Of the neurological disorders, none can claim a battery of therapeutic agents based upon as rational a pharmacology as can Parkinson's disease. In this review, the clinical pharmacokinetics of the major classes of anti-Parkinsonian drugs is discussed. Although they are the oldest drugs in the anti-Parkinsonian armamentarium, little pharmacokinetic data are available regarding the anticholinergic and antihistaminic agents. Based on elimination half-lives of 10 to 18 hours, most could probably be effectively given on a twice-daily schedule. Amantadine is unique among anti-Parkinsonian agents both in lacking a clearly defined mechanism of action and in being eliminated from the body exclusively by renal excretion of unchanged drug. Thus the normal decline of renal function in the elderly Parkinsonian population becomes an important factor in avoiding potential drug toxicity. The pharmacokinetics and pharmacodynamics of levodopa are complex. Since it is an amino acid, it follows metabolic pathways and must compete for absorption and brain uptake with a number of large neutral amino acids. It has a short elimination half-life and, as Parkinson's disease progresses, the brain loses its capacity to store the drug and becomes dependent in a moment-to-moment fashion on plasma levodopa concentrations, creating therapeutic response fluctuations in over 50% of patients. Pharmacokinetic considerations in the management of these response fluctuations are discussed. The newest class of anti-Parkinsonian agents are the direct acting dopamine receptor agonists. These drugs, all derivatives of ergot, have more prolonged durations of anti-Parkinsonian action than levodopa. However, other than bromocriptine, clinical experience with members of this class of drugs is still limited.

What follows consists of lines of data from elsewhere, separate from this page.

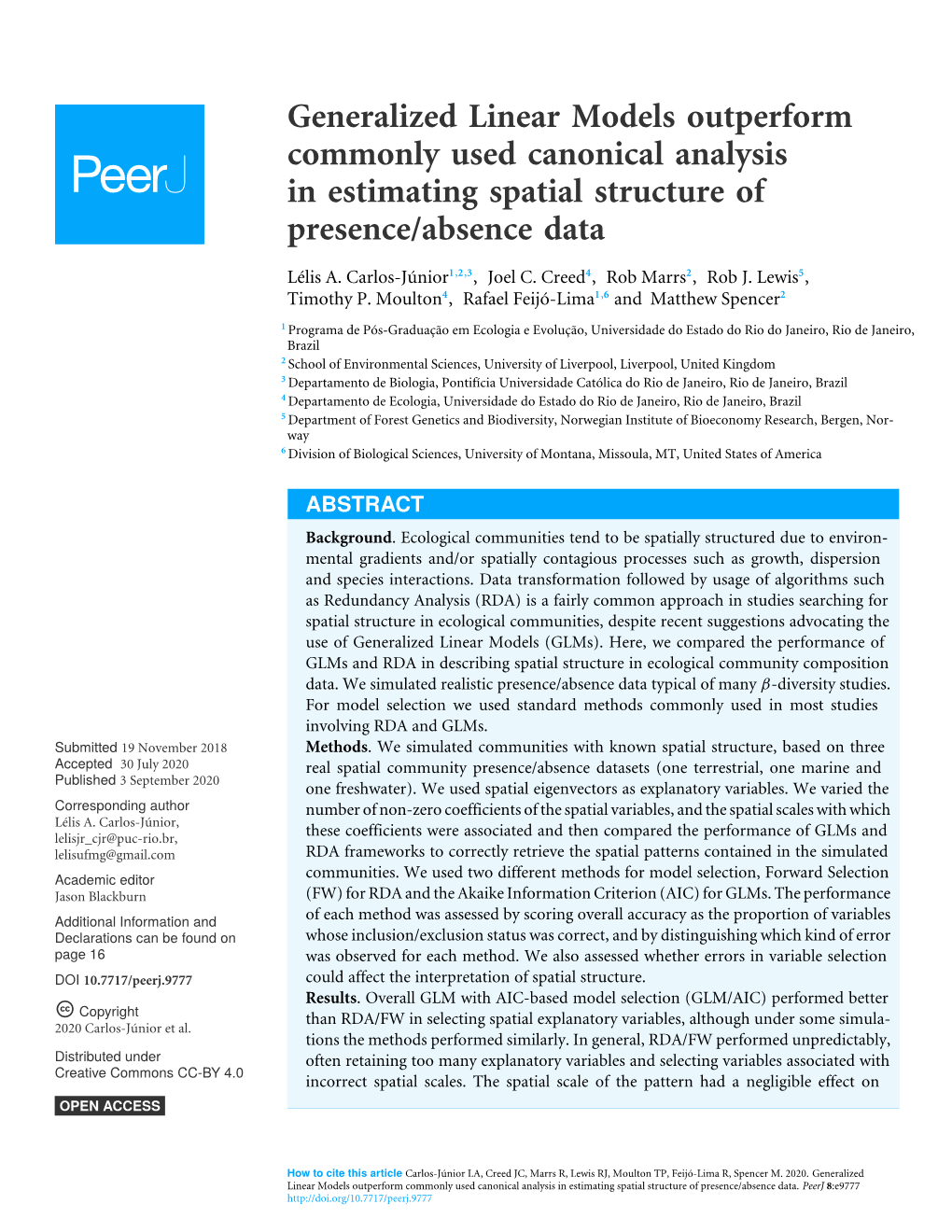 Generalized Linear Models Outperform Commonly Used Canonical Analysis in Estimating Spatial Structure of Presence/Absence Data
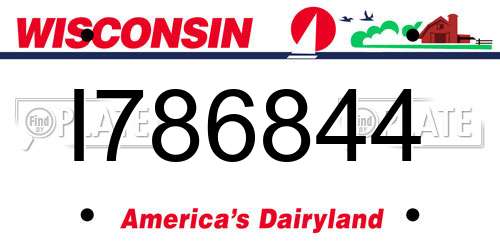 I786844 Wisconsin License Plate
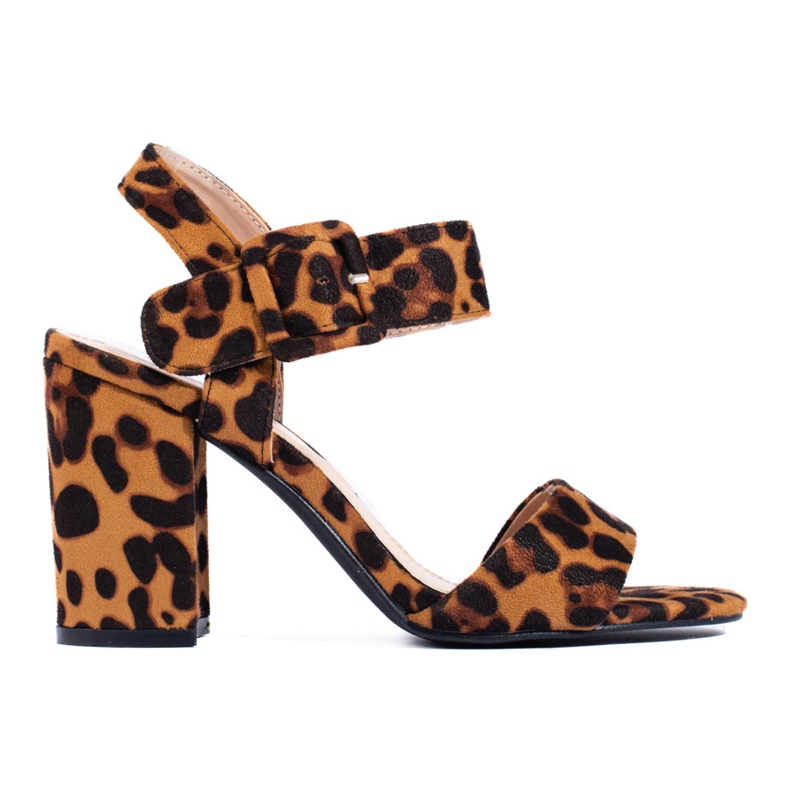 Sandali Shelovet con stampa leopardata marrone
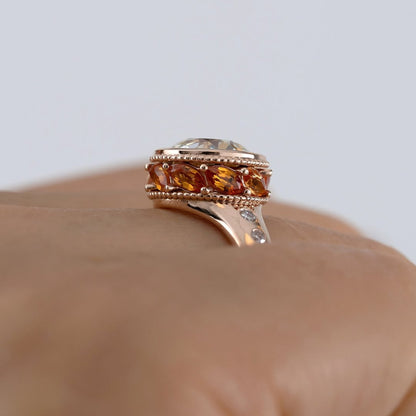 Bezel Set Round Lab Grown Engagement Ring Orange Marquise Hidden Halo Wedding Ring Anniversary Rings For Women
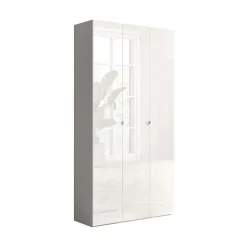 Scarpiera Bianco Lucido 12 Ripiani 28 Paia 95x35x186h cm, 14 Vani - Pertiche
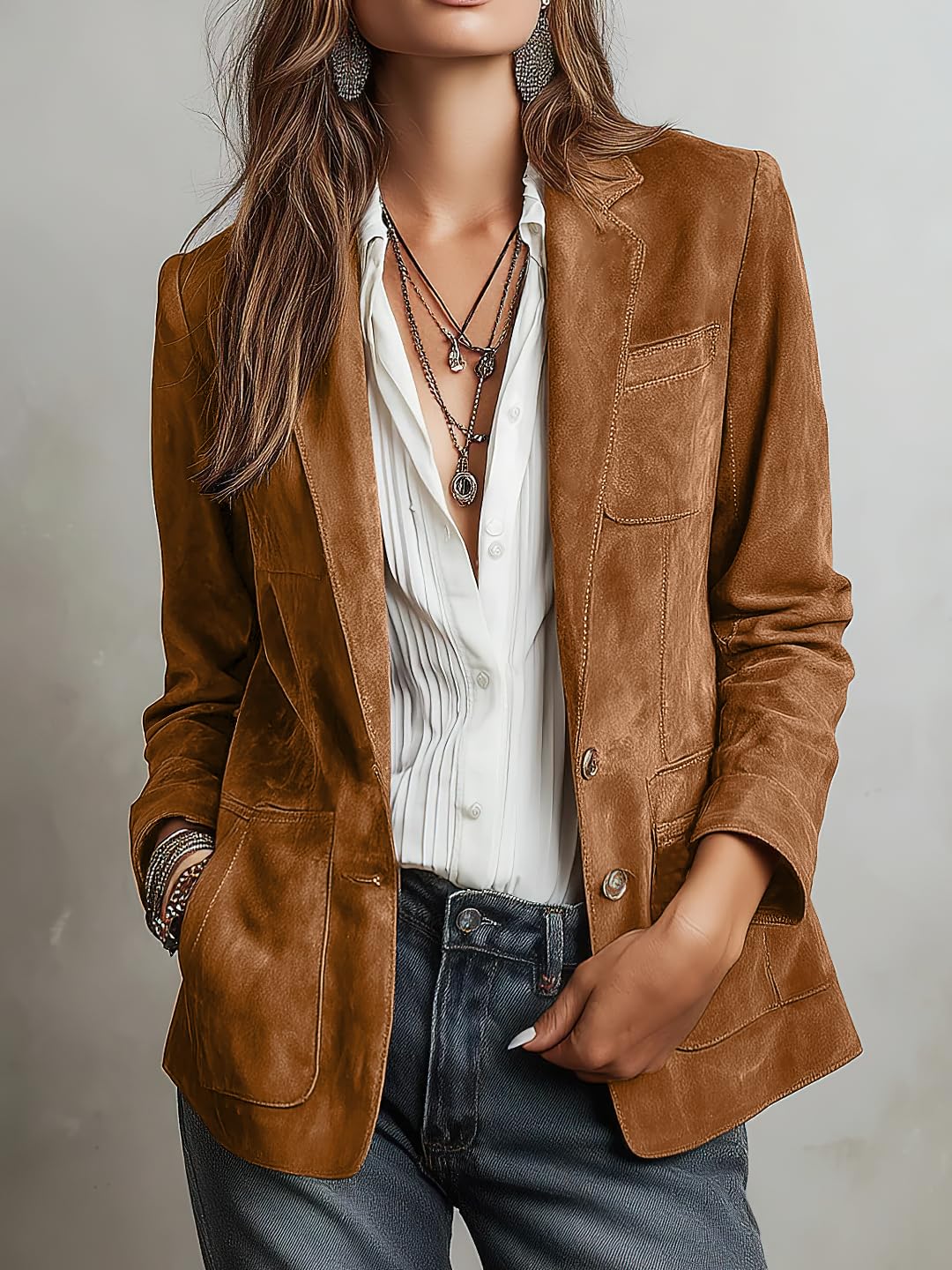 chouyatou Women's Retro Faux Suede Leather Blazer Jacket Notched Collar Work Dressy Business Casual Coat (X-Large,Brown)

在神经系统疾病中,没有哪种疾病能像帕金森病那样,拥有一系列基于合理药理学的治疗药物。在这篇综述中,将讨论主要几类抗帕金森病药物的临床药代动力学。尽管抗胆碱能药和抗组胺药是抗帕金森病药物中使用时间最长的,但关于它们的药代动力学数据却很少。根据10至18小时的消除半衰期,大多数药物可能每日给药两次就能有效。金刚烷胺在抗帕金森病药物中独具特色,它既缺乏明确的作用机制,又仅通过肾脏以原形药物排泄的方式从体内消除。因此,老年帕金森病患者肾功能的正常衰退成为避免潜在药物毒性的一个重要因素。左旋多巴的药代动力学和药效学很复杂。由于它是一种氨基酸,它遵循代谢途径,并且必须与许多中性大氨基酸竞争吸收和进入大脑。它的消除半衰期很短,而且随着帕金森病的进展,大脑储存药物的能力丧失,变得时刻依赖血浆左旋多巴浓度,导致超过50%的患者出现治疗反应波动。文中讨论了在处理这些反应波动时的药代动力学考虑因素。最新一类抗帕金森病药物是直接作用的多巴胺受体激动剂。这些药物都是麦角衍生物,其抗帕金森病作用的持续时间比左旋多巴更长。然而,除了溴隐亭之外,这类药物成员的临床经验仍然有限。